[Opening LISTED RECORDS section]

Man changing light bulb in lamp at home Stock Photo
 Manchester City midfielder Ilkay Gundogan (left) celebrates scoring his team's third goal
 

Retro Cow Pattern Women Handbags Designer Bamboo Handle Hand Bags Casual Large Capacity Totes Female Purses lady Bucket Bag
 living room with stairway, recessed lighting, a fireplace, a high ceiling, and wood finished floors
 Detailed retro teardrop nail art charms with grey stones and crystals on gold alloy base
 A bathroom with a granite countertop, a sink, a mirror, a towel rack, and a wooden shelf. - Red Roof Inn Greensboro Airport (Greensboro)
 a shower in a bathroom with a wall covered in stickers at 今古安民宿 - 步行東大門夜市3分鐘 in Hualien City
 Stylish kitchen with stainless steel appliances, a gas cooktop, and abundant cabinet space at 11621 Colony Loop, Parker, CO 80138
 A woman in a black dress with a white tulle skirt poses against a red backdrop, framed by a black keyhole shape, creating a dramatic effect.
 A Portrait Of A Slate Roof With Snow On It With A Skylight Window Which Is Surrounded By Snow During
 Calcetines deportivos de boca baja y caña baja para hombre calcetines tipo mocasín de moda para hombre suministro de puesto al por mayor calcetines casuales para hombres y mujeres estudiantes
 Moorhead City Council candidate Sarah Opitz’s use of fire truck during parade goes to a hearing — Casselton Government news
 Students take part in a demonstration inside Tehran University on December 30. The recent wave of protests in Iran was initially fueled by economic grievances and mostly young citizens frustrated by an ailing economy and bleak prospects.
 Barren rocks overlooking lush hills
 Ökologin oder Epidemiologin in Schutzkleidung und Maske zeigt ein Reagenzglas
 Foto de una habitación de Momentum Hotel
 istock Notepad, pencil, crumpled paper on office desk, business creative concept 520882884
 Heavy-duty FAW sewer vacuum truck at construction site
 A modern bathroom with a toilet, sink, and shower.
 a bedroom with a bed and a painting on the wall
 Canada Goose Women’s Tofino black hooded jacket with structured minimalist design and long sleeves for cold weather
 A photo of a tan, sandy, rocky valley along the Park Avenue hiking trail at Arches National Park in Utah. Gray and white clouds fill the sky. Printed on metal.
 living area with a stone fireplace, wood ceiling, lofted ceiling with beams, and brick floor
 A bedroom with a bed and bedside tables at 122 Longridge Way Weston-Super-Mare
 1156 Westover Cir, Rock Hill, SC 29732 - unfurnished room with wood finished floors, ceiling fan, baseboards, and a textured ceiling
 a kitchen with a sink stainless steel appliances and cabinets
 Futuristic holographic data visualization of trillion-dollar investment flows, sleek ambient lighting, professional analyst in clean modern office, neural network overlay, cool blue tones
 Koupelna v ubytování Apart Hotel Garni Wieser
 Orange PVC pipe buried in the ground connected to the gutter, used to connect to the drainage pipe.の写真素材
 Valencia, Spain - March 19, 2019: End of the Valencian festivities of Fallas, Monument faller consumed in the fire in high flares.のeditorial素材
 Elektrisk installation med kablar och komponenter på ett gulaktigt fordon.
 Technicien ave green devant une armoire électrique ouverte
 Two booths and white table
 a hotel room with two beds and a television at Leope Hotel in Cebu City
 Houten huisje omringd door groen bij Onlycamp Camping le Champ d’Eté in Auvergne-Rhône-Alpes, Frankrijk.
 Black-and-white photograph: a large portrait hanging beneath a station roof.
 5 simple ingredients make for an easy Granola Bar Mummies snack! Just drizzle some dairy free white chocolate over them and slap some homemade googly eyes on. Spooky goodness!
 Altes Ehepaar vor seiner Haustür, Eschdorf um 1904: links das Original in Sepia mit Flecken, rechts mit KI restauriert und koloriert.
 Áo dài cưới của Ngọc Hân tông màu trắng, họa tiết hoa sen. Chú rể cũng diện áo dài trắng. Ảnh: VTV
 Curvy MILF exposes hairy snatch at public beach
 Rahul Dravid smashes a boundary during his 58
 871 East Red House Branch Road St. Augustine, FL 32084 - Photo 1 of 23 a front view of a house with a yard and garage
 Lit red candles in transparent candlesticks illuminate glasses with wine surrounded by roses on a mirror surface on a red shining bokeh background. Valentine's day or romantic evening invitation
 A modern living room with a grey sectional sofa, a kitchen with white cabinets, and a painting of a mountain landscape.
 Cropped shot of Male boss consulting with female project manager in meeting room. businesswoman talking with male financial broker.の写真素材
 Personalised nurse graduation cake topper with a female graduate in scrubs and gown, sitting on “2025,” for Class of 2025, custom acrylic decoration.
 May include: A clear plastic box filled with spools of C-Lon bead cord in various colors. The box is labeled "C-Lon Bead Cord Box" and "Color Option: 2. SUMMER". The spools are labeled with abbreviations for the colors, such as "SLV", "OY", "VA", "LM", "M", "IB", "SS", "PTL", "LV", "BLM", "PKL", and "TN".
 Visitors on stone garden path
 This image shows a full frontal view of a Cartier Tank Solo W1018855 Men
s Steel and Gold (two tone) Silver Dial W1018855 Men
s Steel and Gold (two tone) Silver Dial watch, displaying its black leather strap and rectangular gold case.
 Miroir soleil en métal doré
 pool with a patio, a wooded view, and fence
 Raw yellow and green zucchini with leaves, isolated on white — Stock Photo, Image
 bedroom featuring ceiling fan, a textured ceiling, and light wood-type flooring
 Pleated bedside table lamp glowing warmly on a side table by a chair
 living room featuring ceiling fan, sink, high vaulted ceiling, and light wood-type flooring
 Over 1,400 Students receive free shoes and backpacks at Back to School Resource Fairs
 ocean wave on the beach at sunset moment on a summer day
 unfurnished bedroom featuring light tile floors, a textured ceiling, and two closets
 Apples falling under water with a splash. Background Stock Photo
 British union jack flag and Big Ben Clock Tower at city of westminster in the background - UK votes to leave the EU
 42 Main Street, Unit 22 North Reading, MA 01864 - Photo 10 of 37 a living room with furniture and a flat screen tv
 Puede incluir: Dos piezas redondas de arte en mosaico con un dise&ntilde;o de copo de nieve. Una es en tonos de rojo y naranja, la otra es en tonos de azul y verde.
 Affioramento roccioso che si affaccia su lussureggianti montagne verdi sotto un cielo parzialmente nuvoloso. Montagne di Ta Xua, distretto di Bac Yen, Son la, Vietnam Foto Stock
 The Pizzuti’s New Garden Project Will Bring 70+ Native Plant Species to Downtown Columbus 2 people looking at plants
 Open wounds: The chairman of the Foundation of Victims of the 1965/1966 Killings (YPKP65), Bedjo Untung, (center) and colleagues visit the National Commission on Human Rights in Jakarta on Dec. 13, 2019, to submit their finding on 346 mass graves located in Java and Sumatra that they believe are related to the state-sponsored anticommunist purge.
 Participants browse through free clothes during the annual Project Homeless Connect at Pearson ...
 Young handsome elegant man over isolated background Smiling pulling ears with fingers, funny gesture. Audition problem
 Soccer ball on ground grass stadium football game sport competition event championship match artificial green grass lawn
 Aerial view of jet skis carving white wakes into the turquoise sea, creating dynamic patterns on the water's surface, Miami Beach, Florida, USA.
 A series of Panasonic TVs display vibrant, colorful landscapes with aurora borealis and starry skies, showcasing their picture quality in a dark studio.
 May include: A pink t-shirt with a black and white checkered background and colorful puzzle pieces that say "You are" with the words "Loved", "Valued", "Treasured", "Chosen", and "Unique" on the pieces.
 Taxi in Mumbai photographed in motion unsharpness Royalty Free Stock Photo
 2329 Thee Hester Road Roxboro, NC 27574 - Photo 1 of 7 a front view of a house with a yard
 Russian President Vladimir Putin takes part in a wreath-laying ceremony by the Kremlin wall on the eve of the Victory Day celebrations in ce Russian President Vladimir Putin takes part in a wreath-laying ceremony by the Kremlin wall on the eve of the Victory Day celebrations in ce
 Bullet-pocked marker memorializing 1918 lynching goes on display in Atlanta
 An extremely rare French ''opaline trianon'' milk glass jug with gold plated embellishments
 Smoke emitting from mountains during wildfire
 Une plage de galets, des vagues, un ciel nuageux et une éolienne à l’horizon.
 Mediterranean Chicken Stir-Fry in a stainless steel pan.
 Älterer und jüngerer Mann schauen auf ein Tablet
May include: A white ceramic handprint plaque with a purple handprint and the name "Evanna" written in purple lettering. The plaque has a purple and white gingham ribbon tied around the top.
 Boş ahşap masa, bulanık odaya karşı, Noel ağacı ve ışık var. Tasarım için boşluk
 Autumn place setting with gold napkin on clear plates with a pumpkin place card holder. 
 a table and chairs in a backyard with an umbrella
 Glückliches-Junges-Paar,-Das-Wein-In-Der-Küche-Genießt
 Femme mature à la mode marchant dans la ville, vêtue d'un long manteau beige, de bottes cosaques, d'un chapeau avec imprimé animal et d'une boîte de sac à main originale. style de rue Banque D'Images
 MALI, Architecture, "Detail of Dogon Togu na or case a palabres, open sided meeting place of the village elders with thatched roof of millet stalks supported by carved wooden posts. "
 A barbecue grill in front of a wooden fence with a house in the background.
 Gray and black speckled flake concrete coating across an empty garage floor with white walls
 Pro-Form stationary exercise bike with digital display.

[Closing LISTED RECORDS section]

» PROBLEM DESCRIPTION
Your answer should be one number: how many lines above contain "floors".

» REPLY
3